→ **Problem to work on**
The expected answer is the data below, printed verbatim without its pictures.
********
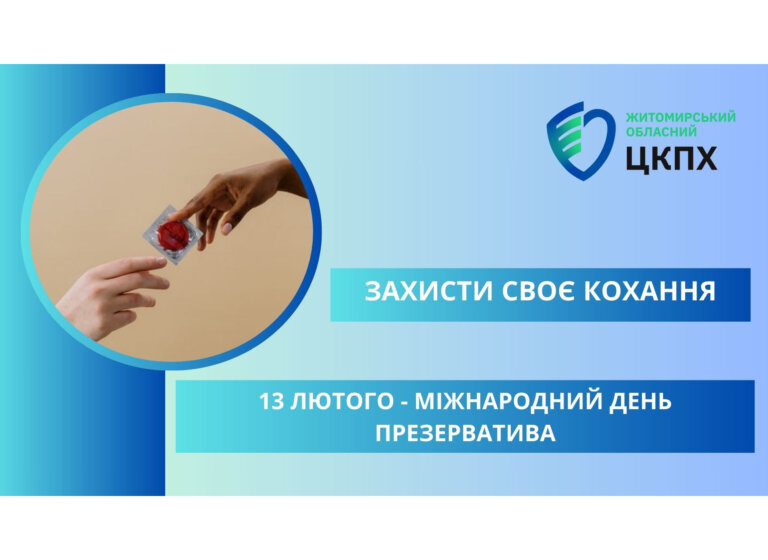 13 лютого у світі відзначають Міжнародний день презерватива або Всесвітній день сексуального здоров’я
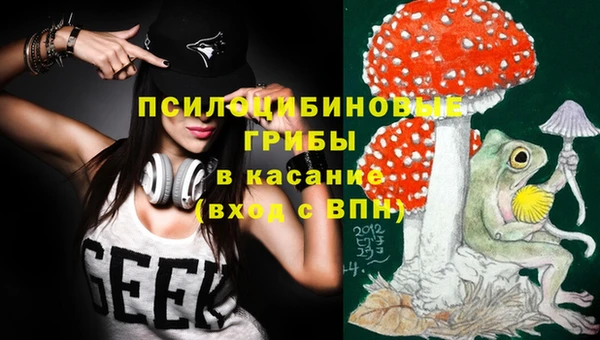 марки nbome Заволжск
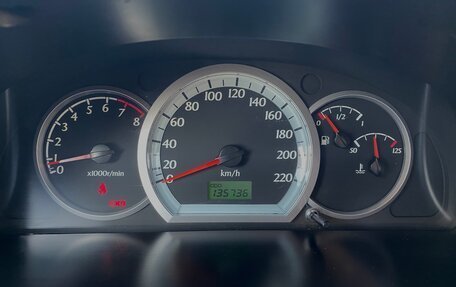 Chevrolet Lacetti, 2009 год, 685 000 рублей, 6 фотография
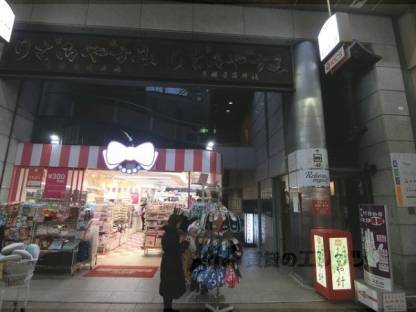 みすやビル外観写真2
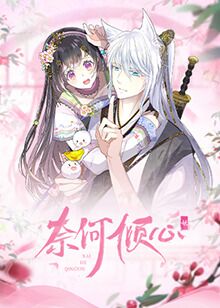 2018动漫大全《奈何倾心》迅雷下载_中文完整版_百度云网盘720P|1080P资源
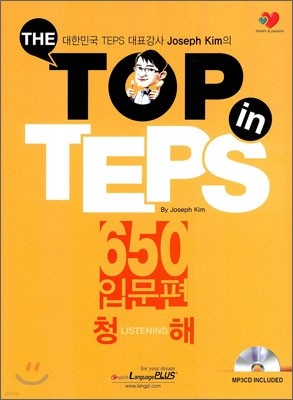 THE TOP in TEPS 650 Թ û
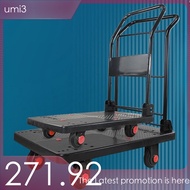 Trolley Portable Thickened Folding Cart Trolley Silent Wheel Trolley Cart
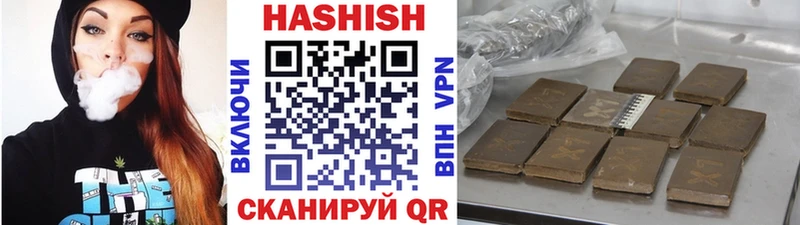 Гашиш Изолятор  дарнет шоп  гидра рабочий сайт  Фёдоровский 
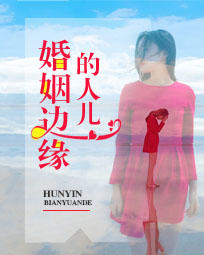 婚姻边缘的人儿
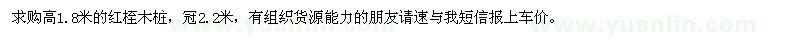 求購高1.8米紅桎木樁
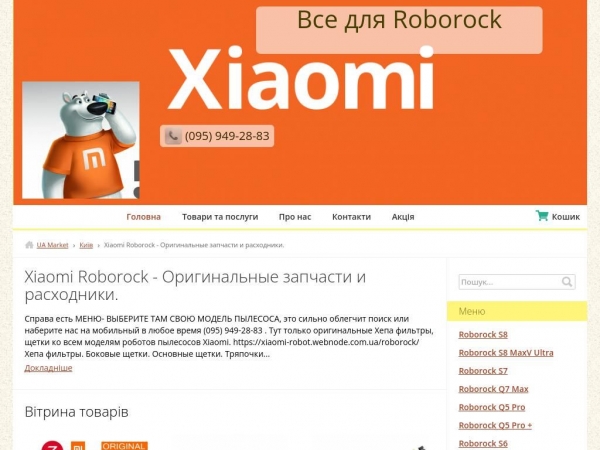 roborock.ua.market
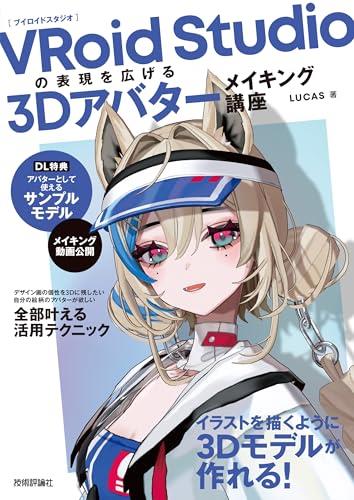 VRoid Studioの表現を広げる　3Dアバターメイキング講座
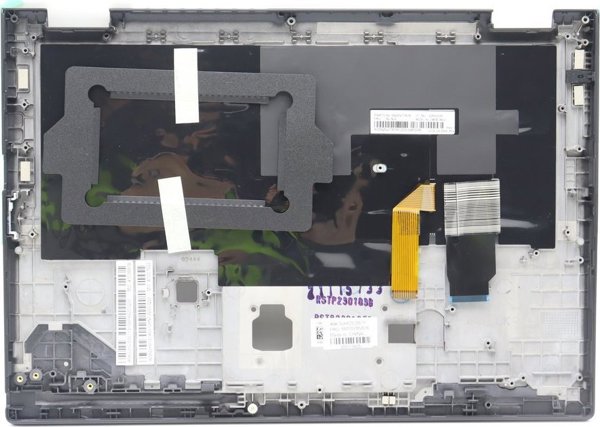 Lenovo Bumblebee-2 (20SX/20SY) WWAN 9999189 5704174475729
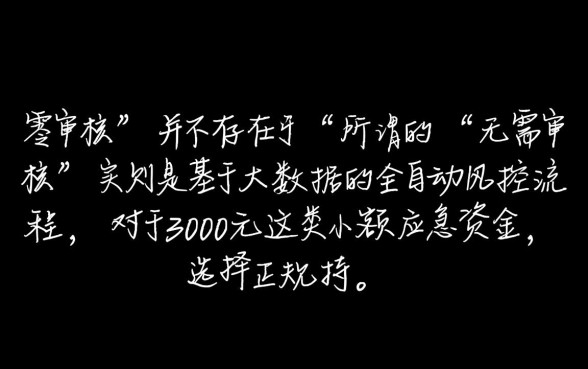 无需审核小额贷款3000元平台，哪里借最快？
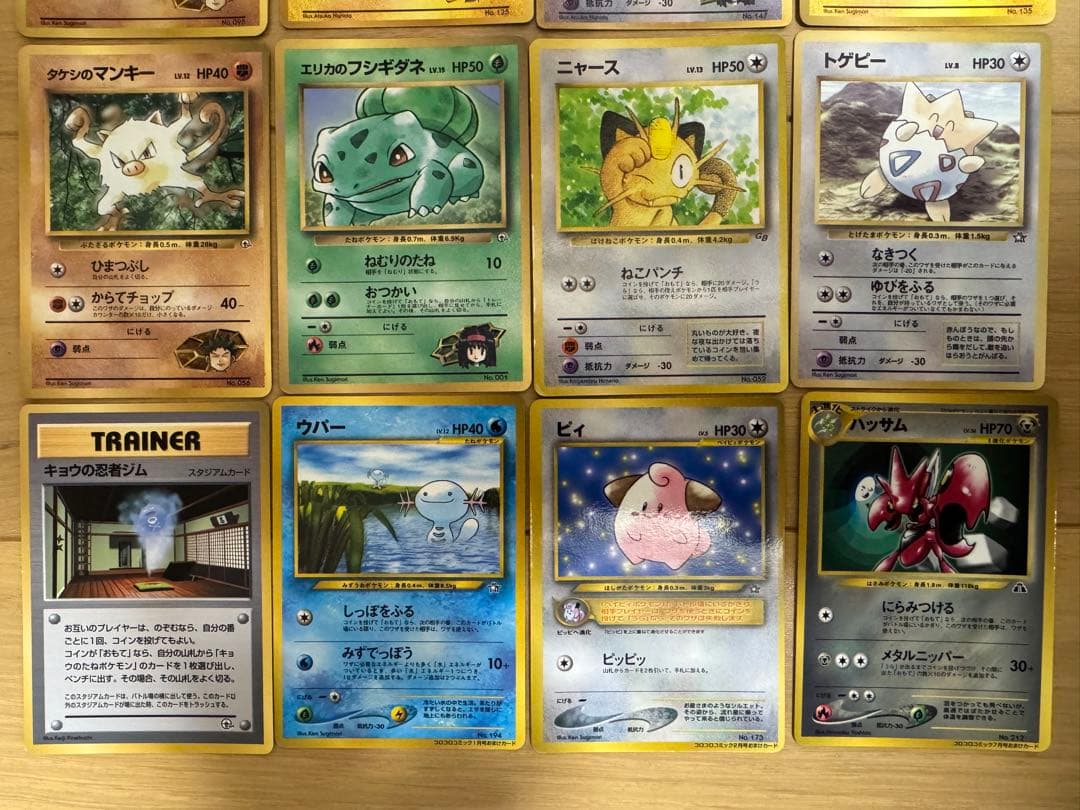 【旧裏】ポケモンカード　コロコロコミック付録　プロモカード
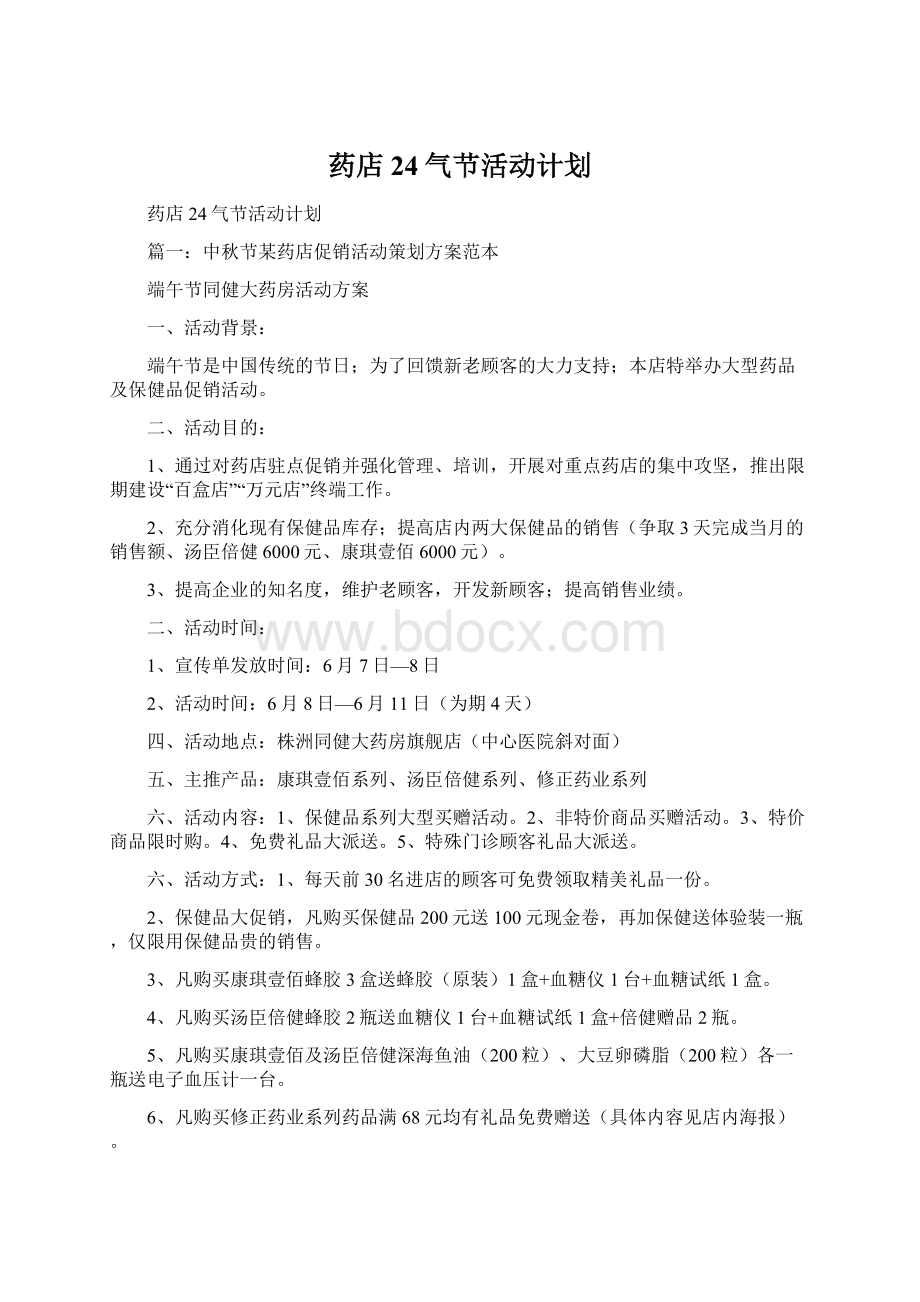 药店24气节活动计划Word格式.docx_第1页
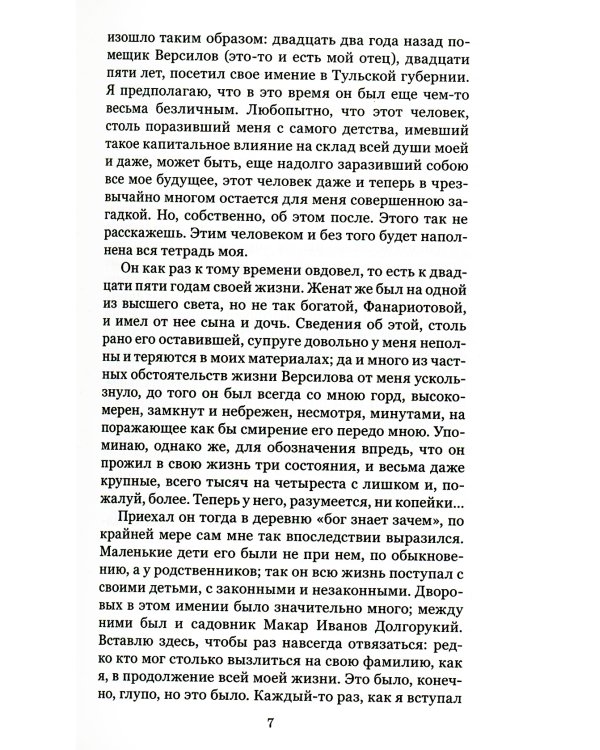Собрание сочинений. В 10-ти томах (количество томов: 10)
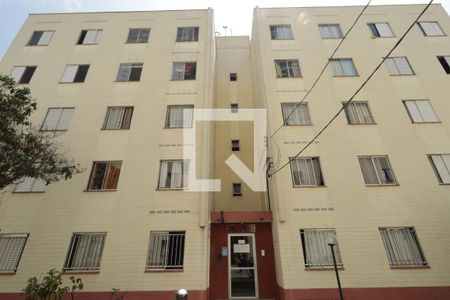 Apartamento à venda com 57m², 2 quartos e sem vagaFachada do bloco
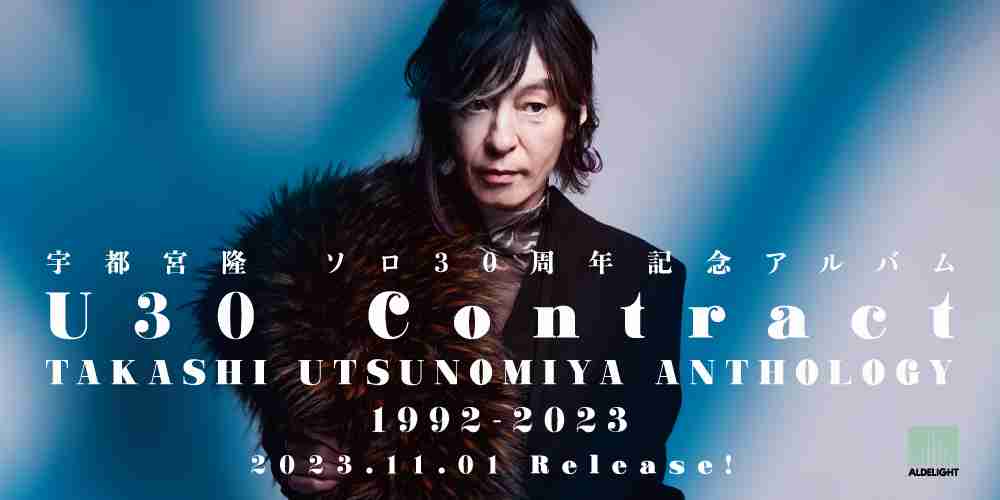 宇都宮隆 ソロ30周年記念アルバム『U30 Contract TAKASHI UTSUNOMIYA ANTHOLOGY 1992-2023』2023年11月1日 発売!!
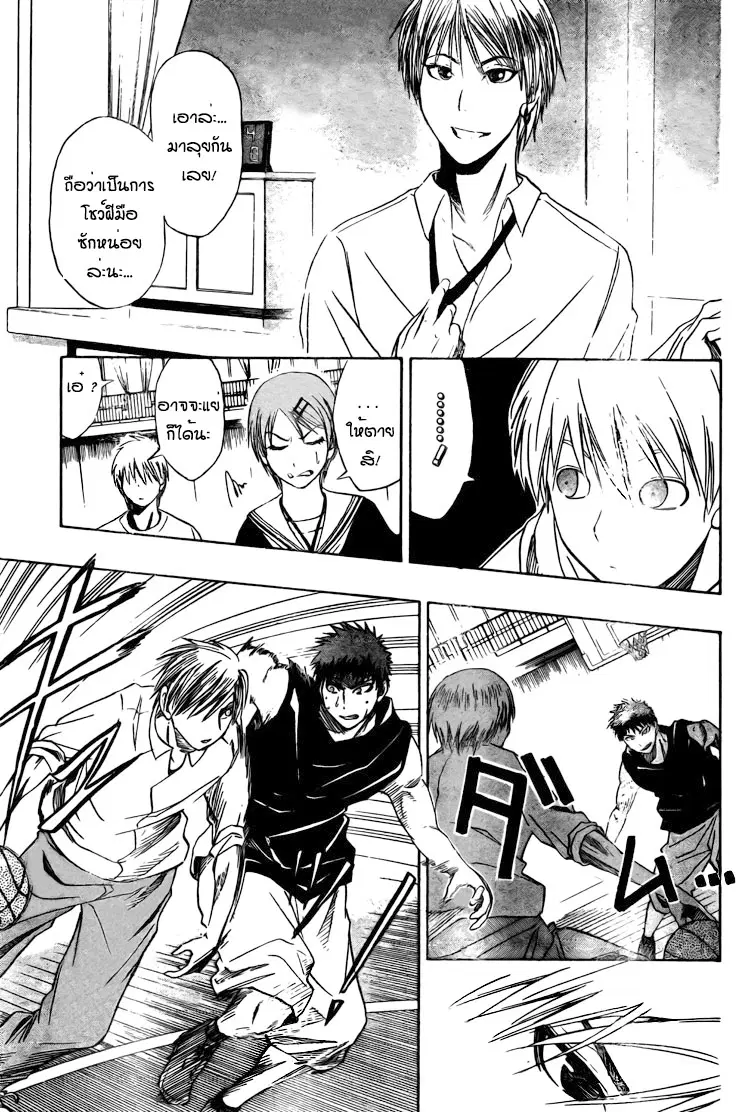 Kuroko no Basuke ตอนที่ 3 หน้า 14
********
→ **Solution**
 13 лютого у світі відзначають Міжнародний день презерватива або Всесвітній день сексуального здоров’я
 марки nbome Заволжск
 Chevrolet Lacetti, 2009 год, 685 000 рублей, 6 фотография
 みすやビル外観写真2
 2018动漫大全《奈何倾心》迅雷下载_中文完整版_百度云网盘720P|1080P资源
 THE TOP in TEPS 650 Թ û
 Trolley Portable Thickened Folding Cart Trolley Silent Wheel Trolley Cart
 Гашиш Изолятор  дарнет шоп  гидра рабочий сайт  Фёдоровский 
 婚姻边缘的人儿
 求購高1.8米紅桎木樁
 roborock.ua.market
 VRoid Studioの表現を広げる　3Dアバターメイキング講座
 Lenovo Bumblebee-2 (20SX/20SY) WWAN 9999189 5704174475729
 无需审核小额贷款3000元平台，哪里借最快？
 【旧裏】ポケモンカード　コロコロコミック付録　プロモカード
 药店24气节活动计划Word格式.docx_第1页
Собрание сочинений. В 10-ти томах (количество томов: 10)
 Apartamento à venda com 57m², 2 quartos e sem vagaFachada do bloco
 宇都宮隆 ソロ30周年記念アルバム『U30 Contract TAKASHI UTSUNOMIYA ANTHOLOGY 1992-2023』2023年11月1日 発売!!
 Kuroko no Basuke ตอนที่ 3 หน้า 14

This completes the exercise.